Re: Sequential Scan with LIMIT

From: John Meinel <john(at)johnmeinel(dot)com>
To: Tom Lane <tgl(at)sss(dot)pgh(dot)pa(dot)us>
Cc: pgsql-performance(at)postgresql(dot)org
Subject: Re: Sequential Scan with LIMIT
Date: 2004-10-24 21:51:24
Message-ID: 417C23DC.1090407@johnmeinel.com
Views: Raw Message | Whole Thread | Download mbox | Resend email
Thread:
Lists: pgsql-performance

Tom Lane wrote:
> John Meinel <john(at)johnmeinel(dot)com> writes:
>
>>I was looking into another problem, and I found something that surprised
>>me. If I'm doing "SELECT * FROM mytable WHERE col = 'myval' LIMIT 1.".
>>Now "col" is indexed, by mytable has 500,000 rows, and 'myval' occurs
>>maybe 100,000 times. Without the LIMIT, this query should definitely do
>>a sequential scan.
>
>
>>But with the LIMIT, doesn't it know that it will return at max 1 value,
>>and thus be able to use the index?
>
>
> But the LIMIT will cut the cost of the seqscan case too. Given the
> numbers you posit above, about one row in five will have 'myval', so a
> seqscan can reasonably expect to hit the first matching row in the first
> page of the table. This is still cheaper than doing an index scan
> (which must require reading at least one index page plus at least one
> table page).
>
> The test case you are showing is probably suffering from nonrandom
> placement of this particular data value; which is something that the
> statistics we keep are too crude to detect.
>
> regards, tom lane

You are correct about non-random placement. I'm a little surprised it
doesn't change with values, then. For instance,

# select count(*) from finst_t where store_id = 52;
13967

Still does a sequential scan for the "select id from..." query.
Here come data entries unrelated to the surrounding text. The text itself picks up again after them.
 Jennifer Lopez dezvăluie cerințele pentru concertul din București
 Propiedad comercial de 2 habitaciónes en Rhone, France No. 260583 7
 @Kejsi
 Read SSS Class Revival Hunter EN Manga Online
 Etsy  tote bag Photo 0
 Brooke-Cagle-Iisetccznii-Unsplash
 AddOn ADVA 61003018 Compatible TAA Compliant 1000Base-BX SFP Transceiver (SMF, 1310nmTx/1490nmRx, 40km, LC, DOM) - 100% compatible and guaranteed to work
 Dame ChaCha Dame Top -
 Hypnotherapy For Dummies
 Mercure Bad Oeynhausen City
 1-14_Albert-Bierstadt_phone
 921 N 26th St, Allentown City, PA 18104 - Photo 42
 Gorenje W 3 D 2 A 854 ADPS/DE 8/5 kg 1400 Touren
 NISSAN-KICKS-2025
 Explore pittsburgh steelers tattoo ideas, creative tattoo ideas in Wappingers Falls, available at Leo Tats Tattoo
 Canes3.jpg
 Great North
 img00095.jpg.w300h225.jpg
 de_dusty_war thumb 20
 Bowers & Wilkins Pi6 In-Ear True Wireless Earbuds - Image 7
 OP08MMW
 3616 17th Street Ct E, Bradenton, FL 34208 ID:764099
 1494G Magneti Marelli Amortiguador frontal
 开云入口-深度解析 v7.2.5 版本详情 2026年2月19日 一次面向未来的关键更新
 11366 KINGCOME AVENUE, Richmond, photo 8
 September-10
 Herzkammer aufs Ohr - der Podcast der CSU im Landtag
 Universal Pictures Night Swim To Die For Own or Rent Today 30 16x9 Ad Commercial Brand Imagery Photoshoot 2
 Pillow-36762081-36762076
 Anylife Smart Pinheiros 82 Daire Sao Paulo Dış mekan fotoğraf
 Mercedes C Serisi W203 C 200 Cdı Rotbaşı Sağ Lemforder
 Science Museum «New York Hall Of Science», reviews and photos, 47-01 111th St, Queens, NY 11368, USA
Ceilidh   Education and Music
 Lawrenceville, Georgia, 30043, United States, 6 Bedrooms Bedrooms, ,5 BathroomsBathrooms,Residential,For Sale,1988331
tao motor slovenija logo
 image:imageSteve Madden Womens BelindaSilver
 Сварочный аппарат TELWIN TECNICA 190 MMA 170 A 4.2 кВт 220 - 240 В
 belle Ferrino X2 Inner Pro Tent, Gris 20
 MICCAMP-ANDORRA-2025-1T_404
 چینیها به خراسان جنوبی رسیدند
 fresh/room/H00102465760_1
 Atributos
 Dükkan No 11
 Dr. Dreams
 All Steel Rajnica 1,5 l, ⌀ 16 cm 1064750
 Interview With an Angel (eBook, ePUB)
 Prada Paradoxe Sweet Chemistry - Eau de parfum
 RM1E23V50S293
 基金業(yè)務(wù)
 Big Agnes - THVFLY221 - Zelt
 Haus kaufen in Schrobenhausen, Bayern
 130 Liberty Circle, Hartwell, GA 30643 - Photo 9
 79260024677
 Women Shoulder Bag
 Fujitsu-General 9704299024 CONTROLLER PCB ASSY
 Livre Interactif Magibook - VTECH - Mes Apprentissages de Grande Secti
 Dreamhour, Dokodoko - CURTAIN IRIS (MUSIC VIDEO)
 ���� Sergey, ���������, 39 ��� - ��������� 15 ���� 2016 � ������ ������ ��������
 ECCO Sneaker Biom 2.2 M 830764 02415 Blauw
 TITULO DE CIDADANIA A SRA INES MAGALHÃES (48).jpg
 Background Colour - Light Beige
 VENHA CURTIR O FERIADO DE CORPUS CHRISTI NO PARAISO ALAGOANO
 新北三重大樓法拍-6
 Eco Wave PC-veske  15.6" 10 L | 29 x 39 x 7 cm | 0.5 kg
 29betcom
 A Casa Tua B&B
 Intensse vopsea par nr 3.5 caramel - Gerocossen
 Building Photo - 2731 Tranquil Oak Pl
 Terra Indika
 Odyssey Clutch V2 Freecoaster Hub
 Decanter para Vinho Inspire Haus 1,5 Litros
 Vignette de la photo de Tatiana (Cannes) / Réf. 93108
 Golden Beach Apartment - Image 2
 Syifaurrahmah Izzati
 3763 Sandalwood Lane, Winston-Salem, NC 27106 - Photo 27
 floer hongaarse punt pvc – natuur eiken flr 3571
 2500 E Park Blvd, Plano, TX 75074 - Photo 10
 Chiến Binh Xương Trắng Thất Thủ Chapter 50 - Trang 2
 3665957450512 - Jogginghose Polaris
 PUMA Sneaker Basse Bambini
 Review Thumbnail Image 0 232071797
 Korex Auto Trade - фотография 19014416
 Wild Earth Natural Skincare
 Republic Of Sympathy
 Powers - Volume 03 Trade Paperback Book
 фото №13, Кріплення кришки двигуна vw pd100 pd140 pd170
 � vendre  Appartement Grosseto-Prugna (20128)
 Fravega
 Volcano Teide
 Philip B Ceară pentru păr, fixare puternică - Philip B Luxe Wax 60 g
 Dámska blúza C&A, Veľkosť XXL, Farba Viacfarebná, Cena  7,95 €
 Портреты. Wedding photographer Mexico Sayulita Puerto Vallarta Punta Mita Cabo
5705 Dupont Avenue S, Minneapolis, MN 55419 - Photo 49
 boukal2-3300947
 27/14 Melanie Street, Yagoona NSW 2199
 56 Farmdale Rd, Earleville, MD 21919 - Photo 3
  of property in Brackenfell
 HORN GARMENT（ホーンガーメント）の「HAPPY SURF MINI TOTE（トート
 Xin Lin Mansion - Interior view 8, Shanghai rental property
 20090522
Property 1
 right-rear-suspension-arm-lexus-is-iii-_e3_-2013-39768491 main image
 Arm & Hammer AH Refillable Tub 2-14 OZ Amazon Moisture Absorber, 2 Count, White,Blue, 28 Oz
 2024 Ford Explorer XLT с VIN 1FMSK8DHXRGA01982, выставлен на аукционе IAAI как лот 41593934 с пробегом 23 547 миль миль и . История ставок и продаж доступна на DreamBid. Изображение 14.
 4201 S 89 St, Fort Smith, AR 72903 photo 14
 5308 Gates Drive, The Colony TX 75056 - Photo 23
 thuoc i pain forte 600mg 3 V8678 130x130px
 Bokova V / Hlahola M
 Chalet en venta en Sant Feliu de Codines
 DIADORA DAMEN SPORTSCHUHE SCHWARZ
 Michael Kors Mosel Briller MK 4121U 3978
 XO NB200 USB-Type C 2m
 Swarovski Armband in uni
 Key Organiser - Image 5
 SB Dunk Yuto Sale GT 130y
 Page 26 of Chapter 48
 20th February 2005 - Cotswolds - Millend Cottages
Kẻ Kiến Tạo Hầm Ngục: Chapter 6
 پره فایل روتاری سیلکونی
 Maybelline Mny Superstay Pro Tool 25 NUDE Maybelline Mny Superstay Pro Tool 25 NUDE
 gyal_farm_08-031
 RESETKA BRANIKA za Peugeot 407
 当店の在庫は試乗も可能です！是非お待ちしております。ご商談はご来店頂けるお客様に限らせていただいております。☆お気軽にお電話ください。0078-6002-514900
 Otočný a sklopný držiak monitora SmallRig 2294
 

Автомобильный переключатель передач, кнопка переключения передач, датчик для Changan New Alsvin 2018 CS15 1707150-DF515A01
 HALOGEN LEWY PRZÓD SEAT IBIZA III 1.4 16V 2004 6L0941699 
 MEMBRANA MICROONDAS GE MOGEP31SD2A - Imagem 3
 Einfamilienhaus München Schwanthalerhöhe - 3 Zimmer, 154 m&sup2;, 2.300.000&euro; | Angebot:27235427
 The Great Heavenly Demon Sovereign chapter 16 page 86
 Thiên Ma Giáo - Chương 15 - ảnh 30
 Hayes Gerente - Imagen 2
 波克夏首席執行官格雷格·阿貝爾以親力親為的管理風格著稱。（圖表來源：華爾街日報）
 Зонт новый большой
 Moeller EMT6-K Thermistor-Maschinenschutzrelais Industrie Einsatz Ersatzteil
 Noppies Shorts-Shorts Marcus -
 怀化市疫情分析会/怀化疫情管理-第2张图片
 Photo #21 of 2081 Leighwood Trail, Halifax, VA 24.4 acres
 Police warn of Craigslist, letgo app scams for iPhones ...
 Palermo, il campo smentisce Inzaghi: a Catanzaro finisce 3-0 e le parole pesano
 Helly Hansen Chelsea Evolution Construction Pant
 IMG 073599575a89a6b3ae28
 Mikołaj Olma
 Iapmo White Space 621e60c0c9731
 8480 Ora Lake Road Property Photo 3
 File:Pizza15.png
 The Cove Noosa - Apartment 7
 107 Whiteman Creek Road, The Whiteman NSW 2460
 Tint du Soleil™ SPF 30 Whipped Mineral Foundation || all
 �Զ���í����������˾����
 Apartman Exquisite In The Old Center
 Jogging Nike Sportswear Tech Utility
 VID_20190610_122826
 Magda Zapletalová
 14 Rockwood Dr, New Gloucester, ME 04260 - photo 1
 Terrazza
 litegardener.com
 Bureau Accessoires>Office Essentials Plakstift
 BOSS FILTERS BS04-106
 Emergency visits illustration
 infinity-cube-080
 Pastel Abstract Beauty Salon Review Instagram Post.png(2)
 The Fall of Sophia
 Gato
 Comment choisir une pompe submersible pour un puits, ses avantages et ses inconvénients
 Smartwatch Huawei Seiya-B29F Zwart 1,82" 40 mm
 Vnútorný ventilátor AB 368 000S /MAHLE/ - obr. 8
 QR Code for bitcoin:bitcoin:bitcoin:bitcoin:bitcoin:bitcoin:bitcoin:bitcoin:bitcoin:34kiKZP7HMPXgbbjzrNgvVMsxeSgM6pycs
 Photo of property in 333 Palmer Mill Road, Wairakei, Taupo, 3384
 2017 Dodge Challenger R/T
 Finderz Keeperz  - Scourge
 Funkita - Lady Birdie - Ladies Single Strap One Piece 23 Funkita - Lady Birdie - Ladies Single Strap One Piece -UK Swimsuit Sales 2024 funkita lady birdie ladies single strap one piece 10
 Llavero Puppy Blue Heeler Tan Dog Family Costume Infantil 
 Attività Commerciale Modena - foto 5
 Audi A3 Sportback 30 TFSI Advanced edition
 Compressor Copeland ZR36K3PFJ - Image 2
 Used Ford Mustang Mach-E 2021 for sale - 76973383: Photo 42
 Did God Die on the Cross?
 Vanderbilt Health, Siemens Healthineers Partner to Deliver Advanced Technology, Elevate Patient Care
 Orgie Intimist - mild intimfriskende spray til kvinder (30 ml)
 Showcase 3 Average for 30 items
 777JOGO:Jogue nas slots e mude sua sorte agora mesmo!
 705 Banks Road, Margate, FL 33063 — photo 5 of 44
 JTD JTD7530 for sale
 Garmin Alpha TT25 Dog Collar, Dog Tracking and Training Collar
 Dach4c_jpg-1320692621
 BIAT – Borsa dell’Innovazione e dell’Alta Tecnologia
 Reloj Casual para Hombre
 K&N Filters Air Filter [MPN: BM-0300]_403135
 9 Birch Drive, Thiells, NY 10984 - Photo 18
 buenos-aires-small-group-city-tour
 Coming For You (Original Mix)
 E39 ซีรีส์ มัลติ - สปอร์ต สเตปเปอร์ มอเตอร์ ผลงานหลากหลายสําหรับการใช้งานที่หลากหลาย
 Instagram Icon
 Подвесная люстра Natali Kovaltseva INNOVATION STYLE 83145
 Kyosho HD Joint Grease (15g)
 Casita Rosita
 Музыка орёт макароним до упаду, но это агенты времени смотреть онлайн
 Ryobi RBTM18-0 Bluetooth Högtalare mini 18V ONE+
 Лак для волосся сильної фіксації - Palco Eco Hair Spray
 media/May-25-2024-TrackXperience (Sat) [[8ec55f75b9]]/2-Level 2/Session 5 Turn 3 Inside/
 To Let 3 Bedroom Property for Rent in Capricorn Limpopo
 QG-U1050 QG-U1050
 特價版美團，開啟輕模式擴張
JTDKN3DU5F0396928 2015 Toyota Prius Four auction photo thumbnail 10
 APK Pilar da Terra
The only value it does an index query for is 9605 which only has 1 row.

It estimates ~18,000 rows, but that is still < 3% of the total data.

This row corresponds to disk location where files can be found. So when
a storage location fills up, generally a new one is created. This means
that *generally* the numbers will be increasing as you go further in the
table (not guaranteed, as there are multiple locations open at any one
time).

Am I better off in this case just wrapping my query with:

set enable_seqscan to off;
query
set enable_seqscan to on;

There is still the possibility that there is a better way to determine
existence of a value in a column. I was wondering about something like:

SELECT 1 WHERE EXISTS
(SELECT id FROM finst_t WHERE store_id=52 LIMIT 1);

Though the second part is the same, so it still does the sequential scan.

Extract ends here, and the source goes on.